1. A team's robot code uses new PhotonCamera("Front_Camera"). PhotonVision's dashboard shows the camera listed as "FrontCamera". SmartDashboard shows Vision/HasTargets always false, even when the dashboard stream clearly shows green tag outlines. What is the cause?

A The coprocessor and roboRIO are on different VLANs
B The camera name in Java ("Front_Camera") doesn't match the dashboard name ("FrontCamera") — the underscore makes them different strings; the Java code subscribes to a NetworkTables topic that doesn't exist, receiving empty results
C PhotonLib version is incompatible with the firmware
D getLatestResult() can only be called once per second

2. A team calibrates their camera at 640×480 resolution with auto-exposure on, then switches to 1280×720 with a fixed 3 ms exposure for competition. They don't recalibrate. What will happen to their pose estimates?

A No effect — camera calibration is resolution-independent
B The calibration's intrinsic parameters (focal length in pixels, principal point) were computed for 640×480 pixel coordinates but the pipeline now produces 1280×720 pixel coordinates — solvePnP will compute systematically wrong poses because it's using the wrong pixel-to-angle mapping
C The calibration automatically scales with resolution
D Only the distortion coefficients are affected; translation estimates will still be correct

3. When passing a vision measurement to SwerveDrivePoseEstimator.addVisionMeasurement(), which timestamp should be used, and why?

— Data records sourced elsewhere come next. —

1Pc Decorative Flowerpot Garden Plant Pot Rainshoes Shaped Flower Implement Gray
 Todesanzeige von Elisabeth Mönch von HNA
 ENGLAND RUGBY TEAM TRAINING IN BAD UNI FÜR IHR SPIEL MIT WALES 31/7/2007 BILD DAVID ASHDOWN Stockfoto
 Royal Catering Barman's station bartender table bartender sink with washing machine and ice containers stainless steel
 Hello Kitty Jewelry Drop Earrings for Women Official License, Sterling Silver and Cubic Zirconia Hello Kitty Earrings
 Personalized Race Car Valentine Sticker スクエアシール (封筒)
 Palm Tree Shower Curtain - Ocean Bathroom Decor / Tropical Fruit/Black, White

A Timer.getFPGATimestamp() — this is the most accurate time source available on the roboRIO
B result.getTimestampSeconds() — this is when the image was captured (before pipeline processing and NetworkTables latency), which is the moment in time the vision measurement actually reflects the robot's position; using the current time would tell the estimator to match this vision pose against a more recent odometry state, corrupting the fusion
C The average of the FPGA timestamp and the result timestamp to account for transmission latency
D Any timestamp works because the pose estimator ignores timestamps for vision measurements

💪 Practice Prompt

Get PhotonVision Running and Verify Tag Detection End-to-End

Flash PhotonVision onto your coprocessor. Assign it a static IP in the 10.TE.AM.11 range from the Settings tab. Confirm you can load the web dashboard from your laptop over the robot network. Document the static IP in your team's pit guide alongside the coprocessor's MAC address (useful if you ever need to identify it on a router).
Create an AprilTag pipeline named "AprilTagPipeline" in PhotonVision. Set the tag family to TAG_36H11, disable auto-exposure, and set a fixed exposure between 2–6 ms. Hold an AprilTag in front of the camera and verify that green detection outlines appear in the stream. Take a screenshot of the stream with a detected tag for your records.
Perform camera calibration: print a chessboard at 100% scale, confirm the square size with a ruler, capture 30+ images from varied angles and distances in PhotonVision's Calibration tab, and run calibration. Record the RMS error. If it's above 0.5, recapture with sharper images and better angle diversity. Save the calibration.
Add PhotonLib to your robot project. Create a VisionSubsystem with a PhotonCamera using the exact name from your dashboard. In periodic(), call getLatestResult() and publish hasTargets() and getTargets().size() to SmartDashboard. Deploy and verify these values update in real time when you hold a tag in view.
Bonus: At exactly 2.0 m from a tag (measured with a tape measure), log getBestCameraToTarget().getTranslation().getNorm() to SmartDashboard. Record the reported distance. Repeat at 1.0 m and 3.0 m. Calculate the percentage error at each distance. A well-calibrated camera should be within ±5% at all three distances. If the error is larger or grows nonlinearly with distance, the calibration needs to be redone.